== Dataset ==

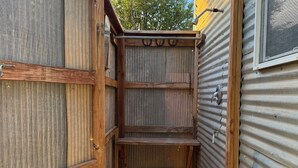 A narrow outdoor space with a wooden fence and a brick floor, leading to a corrugated metal building. - MESA VERDE CABIN I - Panoramic Views of Mesa Verde! (Mancos)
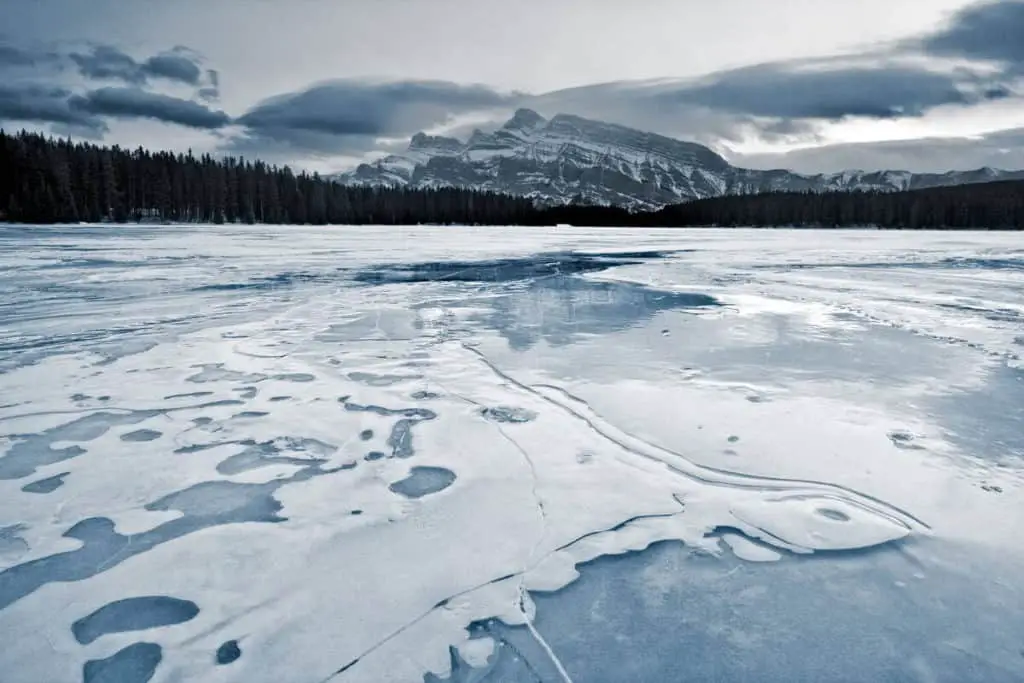 A frozen Two Jack Lake on a cloudy winter day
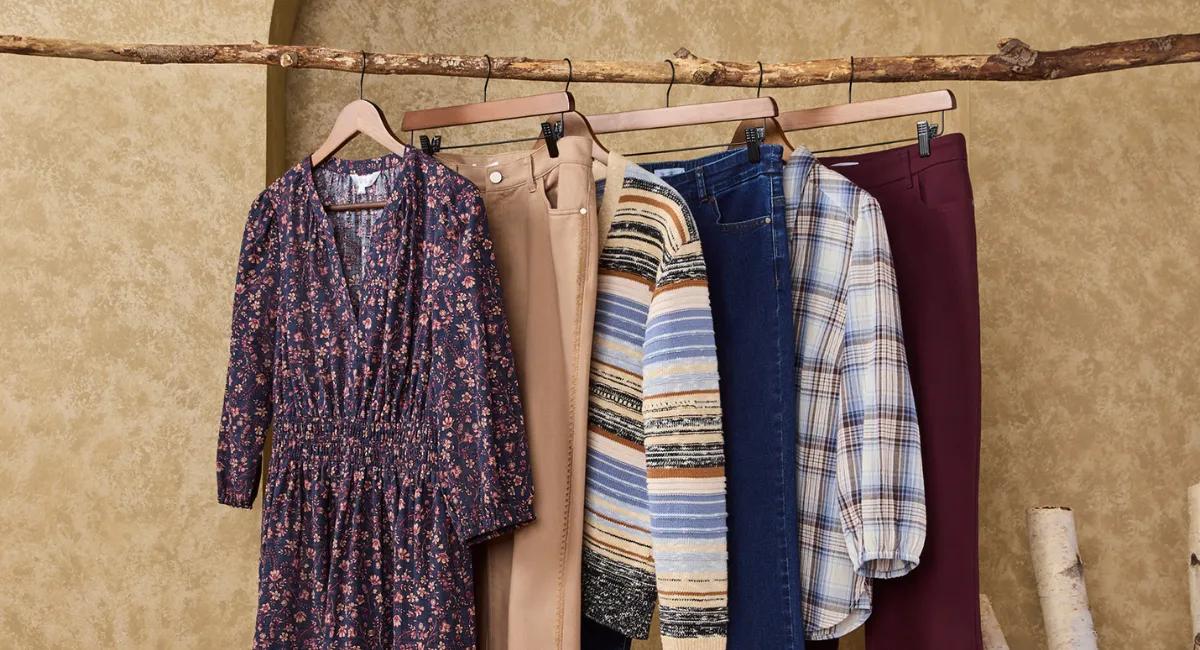 An assortment of fall clothing, including a floral dress, sweaters, jeans, and trousers, hanging on a wooden branch rack.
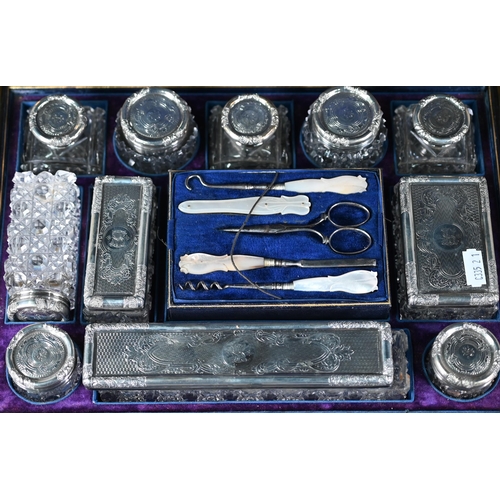 187 - Victorian brass-inlaid coromandel dressing case, the cut glass fittings with silver tops - some in s... 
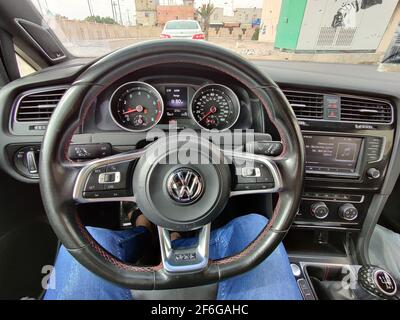 basra, Iraq - january 27, 2019:  photos behaind the car steering wheel Stock Photo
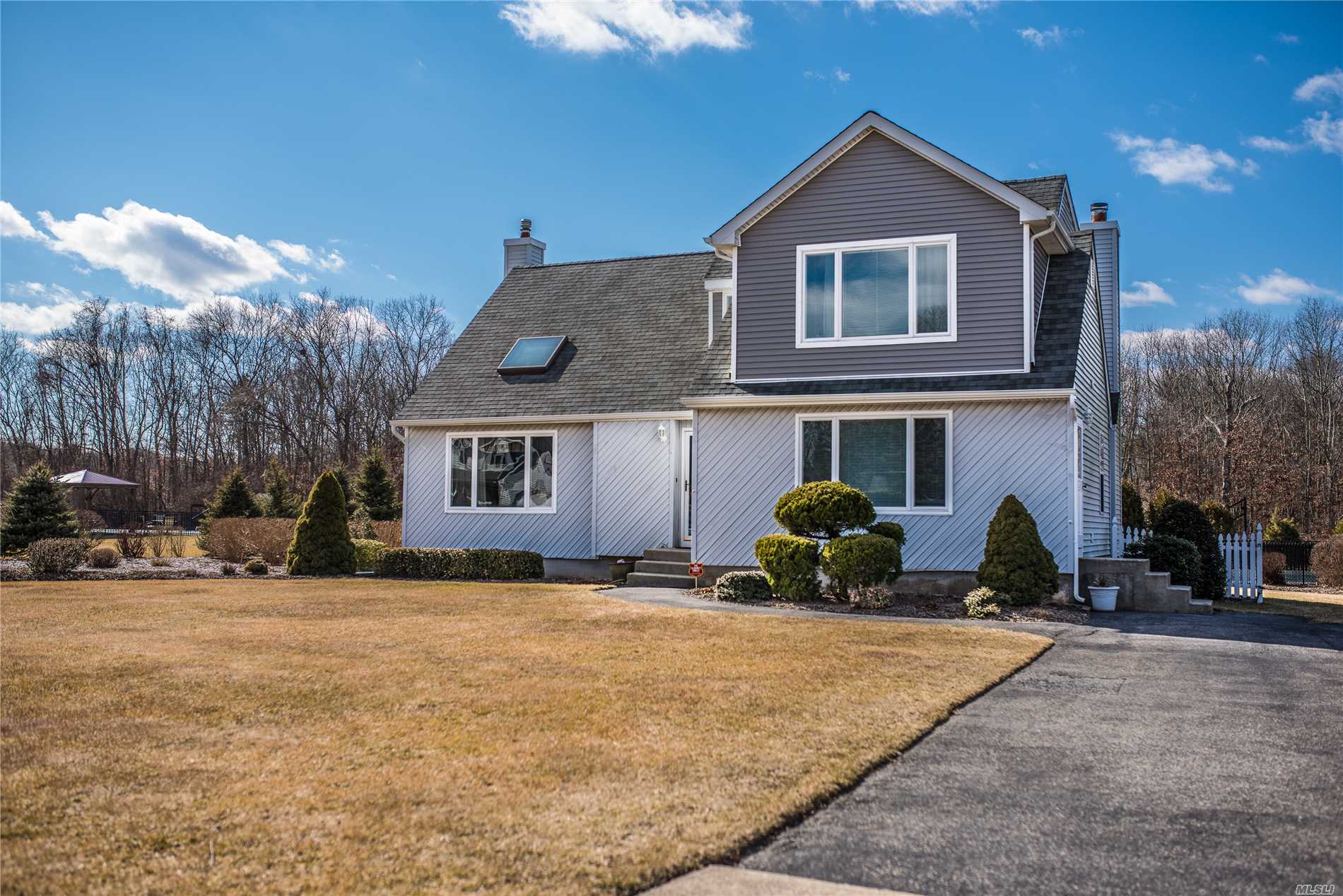 Renovated 4/5 Home On Beautiful Street In Manorville Features: Hardwood Floors, Fam Rm W/Fireplace, Master Bedroom Suite W/Full Bath, 3.5 Bathrooms, Full Finished Basement, New Roof & Hw Heater, Security System, Central Air Conditioning, Large Yard W/In Ground Pool, Basketball Court And In Ground Sprinklers.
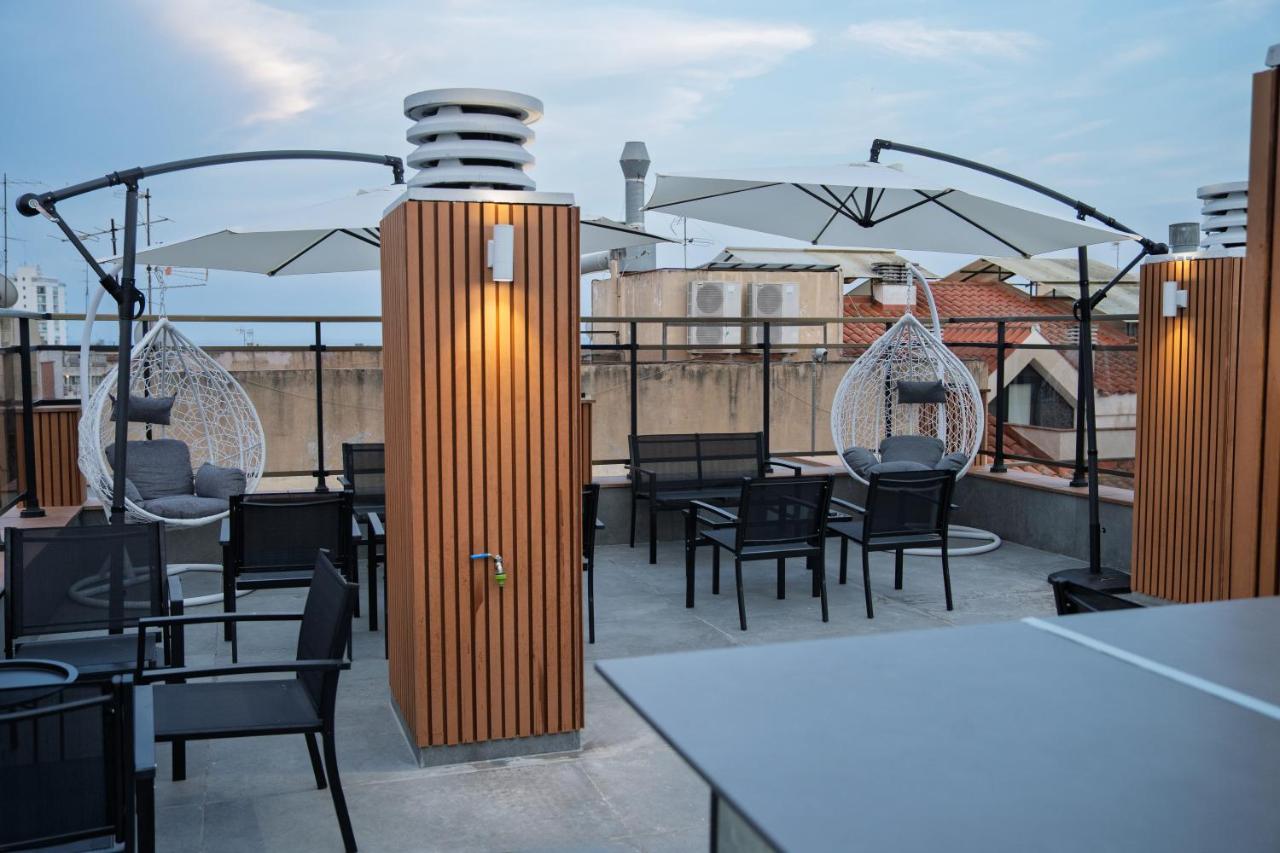 een terras met tafels en stoelen op een dakterras bij Hotel Mefolinkel Suits in Lloret de Mar +24 foto's
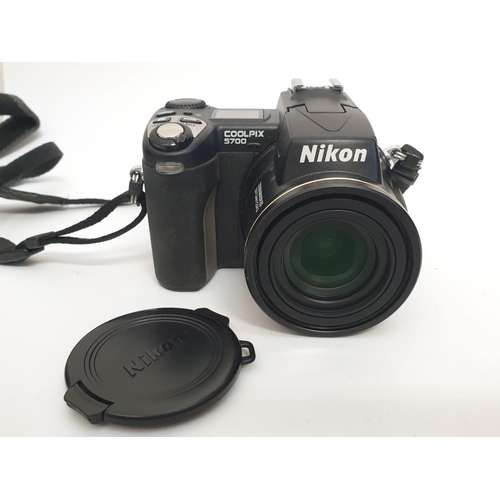 763 - A Nikon Coolpix 5700 digital camera. Includes charger, lens cap and case. As found.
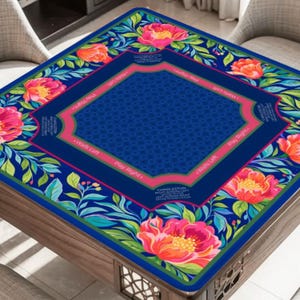 May include: A square mahjong table mat featuring a dark blue center with a geometric pattern, surrounded by a border of pink peonies and green foliage. The mat includes pink text labels for game directions like Play Right and Walls Left.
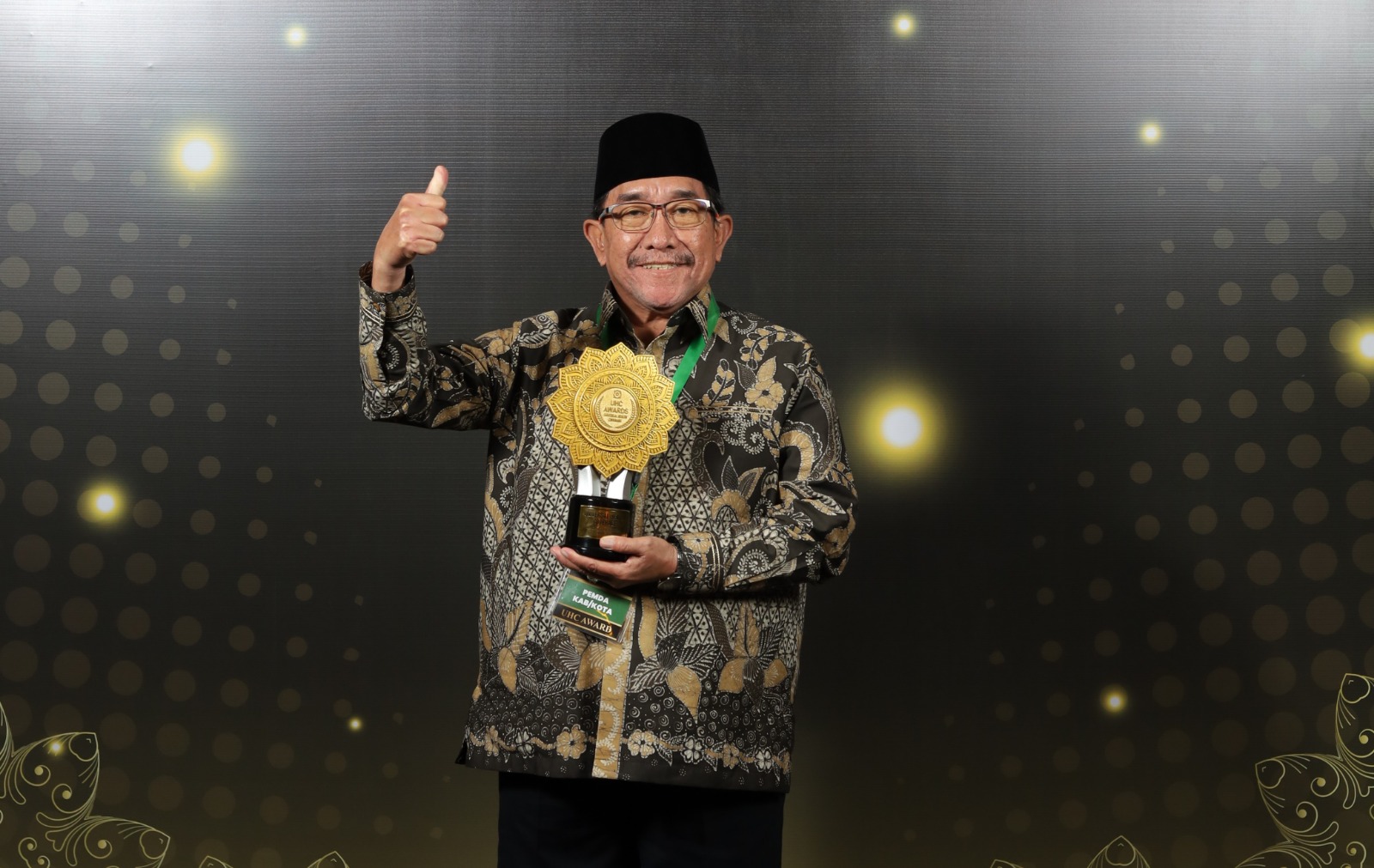 Wakil Bupati Sumenep KH. Imam Hasyim memegang piala UHC Awards 2026 di Jakarta.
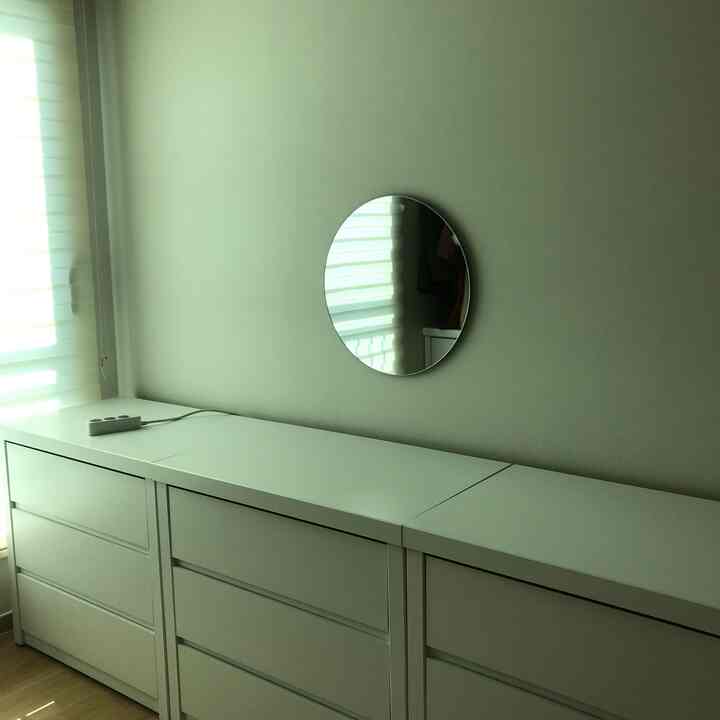 Bright and clean entrance space featuring white storage cabinets and a round mirror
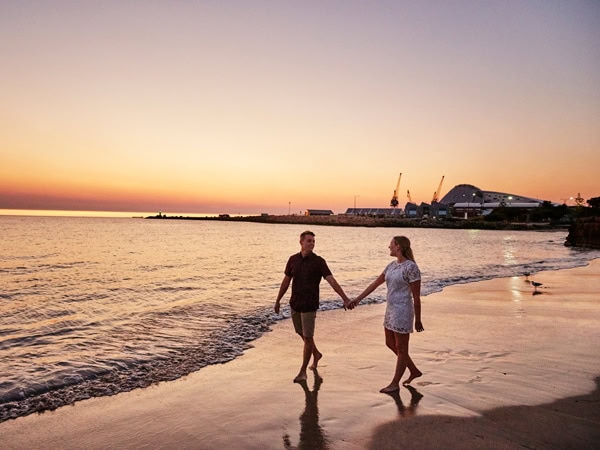 a couple holding hands walking along the Bathers Beach at sunset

===

> Directions for this task: Write back the stretch of lines above that begins with the line holding "Renovated 4/5 Home" and ends with the line holding "763 - A Nikon", both included, exactly as written. Pictures stay out.

> Answer box:
 Renovated 4/5 Home On Beautiful Street In Manorville Features: Hardwood Floors, Fam Rm W/Fireplace, Master Bedroom Suite W/Full Bath, 3.5 Bathrooms, Full Finished Basement, New Roof & Hw Heater, Security System, Central Air Conditioning, Large Yard W/In Ground Pool, Basketball Court And In Ground Sprinklers.
 een terras met tafels en stoelen op een dakterras bij Hotel Mefolinkel Suits in Lloret de Mar +24 foto's
 763 - A Nikon Coolpix 5700 digital camera. Includes charger, lens cap and case. As found.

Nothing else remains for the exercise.